[WHAT THE EXERCISE ASKS]
Pictures are to be left out, and only the lines from the one with "Daily Midotsuyu/Izutsuyu tweet media" through the last line of the listing below are to be repeated exactly.

[DATASET EXCERPTS]
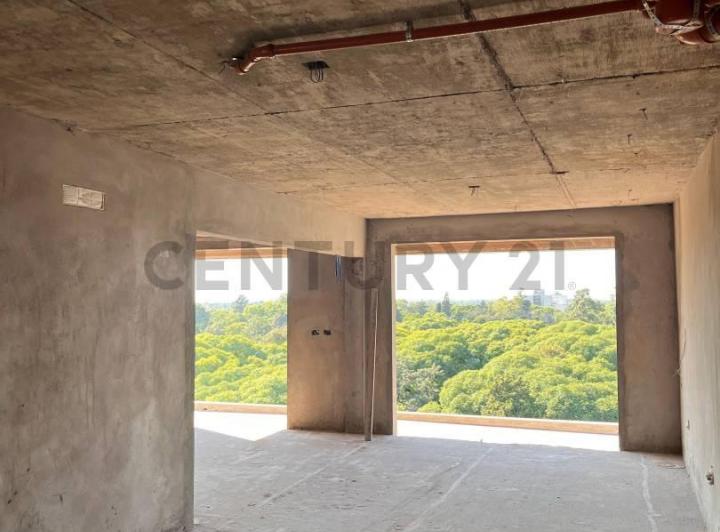 Departamento · 105m² · 5 Ambientes · 1 Cochera
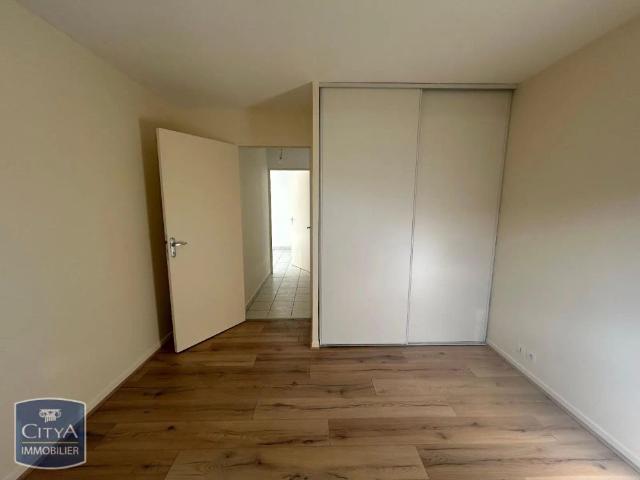 Appartement location à Vichy, Bellerive-sur-allier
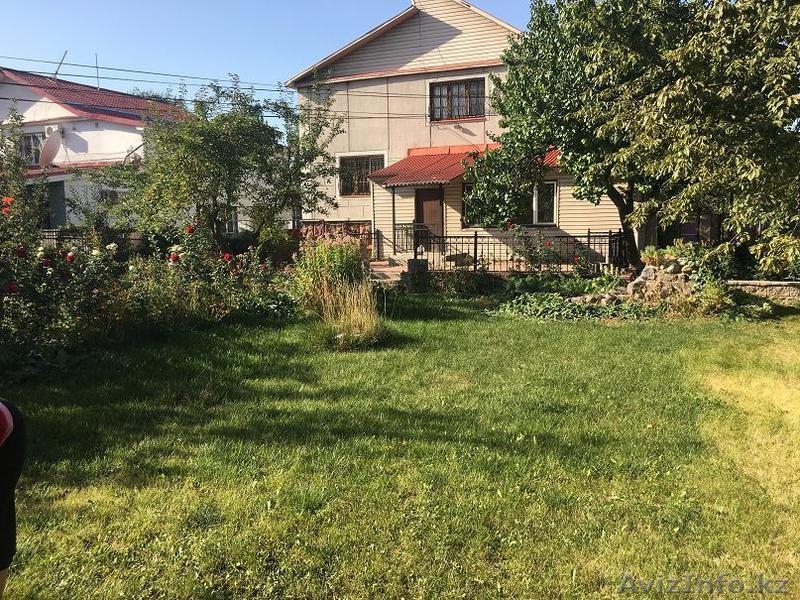 Дом 4-е уровня в Алматы - Изображение #6, Объявление #1493635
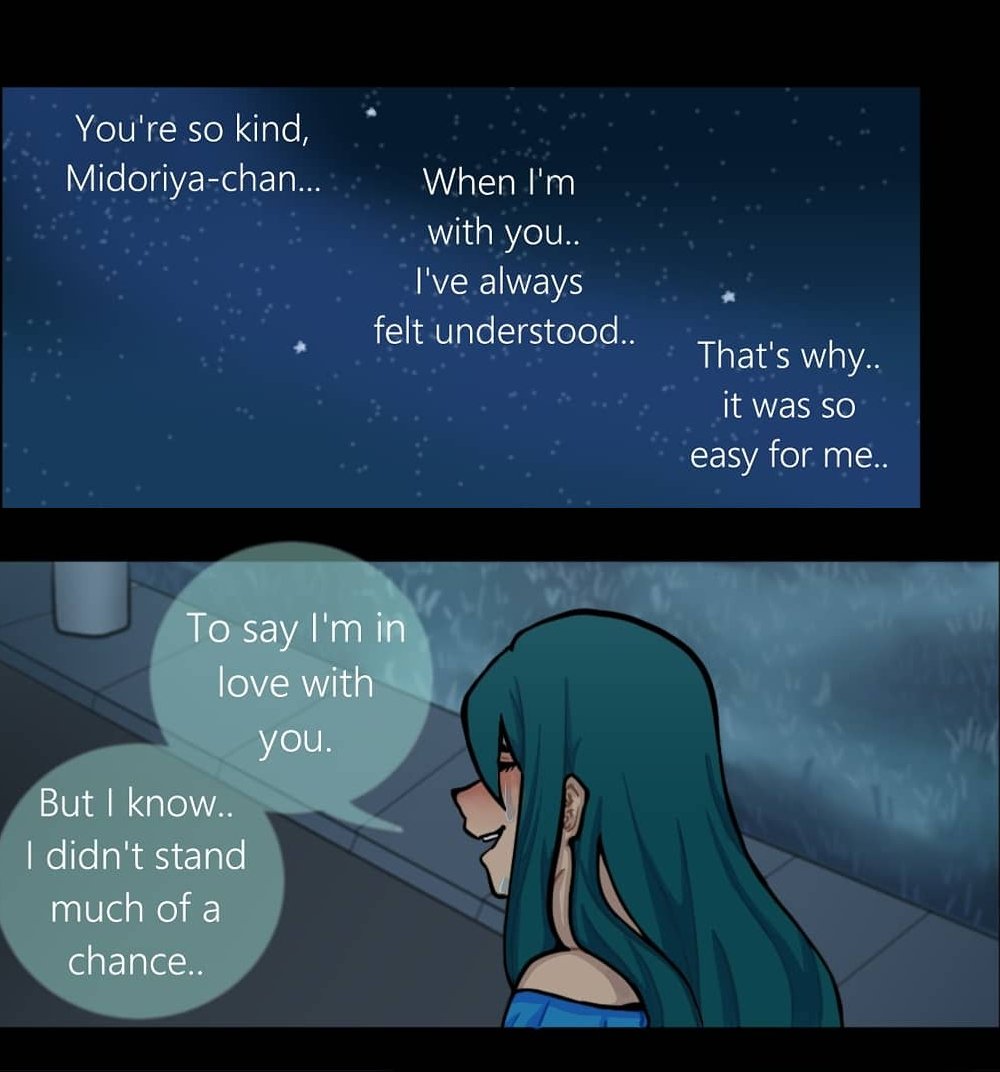Daily Midotsuyu/Izutsuyu tweet media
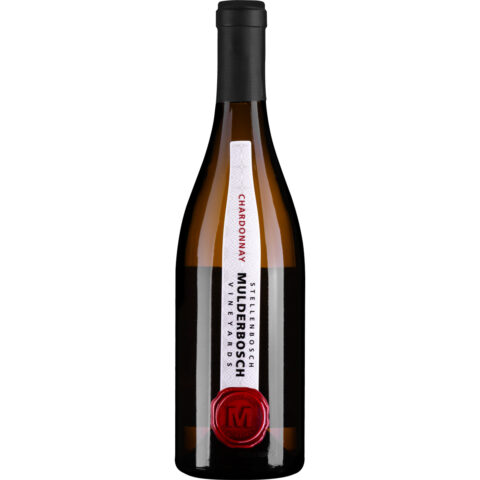 Mulderbosch Chardonnay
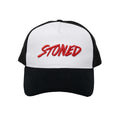 Stoned & Co Mystic Genetic Trucker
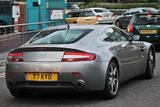 Aston Martin Vantage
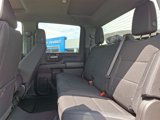 New 2025 Chevrolet Silverado 2500 Custom w/ Custom Value Package image 5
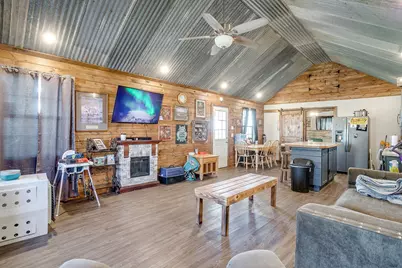 207 Trails End, Poolville, TX 76487 - Photo 31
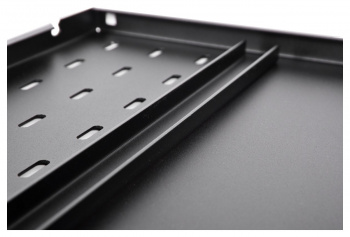 Полка стационарная для аккумуляторов ЦМО СВ-58АК-9005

[TASK SOLUTION]
Daily Midotsuyu/Izutsuyu tweet media
 Mulderbosch Chardonnay
 Stoned & Co Mystic Genetic Trucker
 Aston Martin Vantage
 New 2025 Chevrolet Silverado 2500 Custom w/ Custom Value Package image 5
 207 Trails End, Poolville, TX 76487 - Photo 31
 Полка стационарная для аккумуляторов ЦМО СВ-58АК-9005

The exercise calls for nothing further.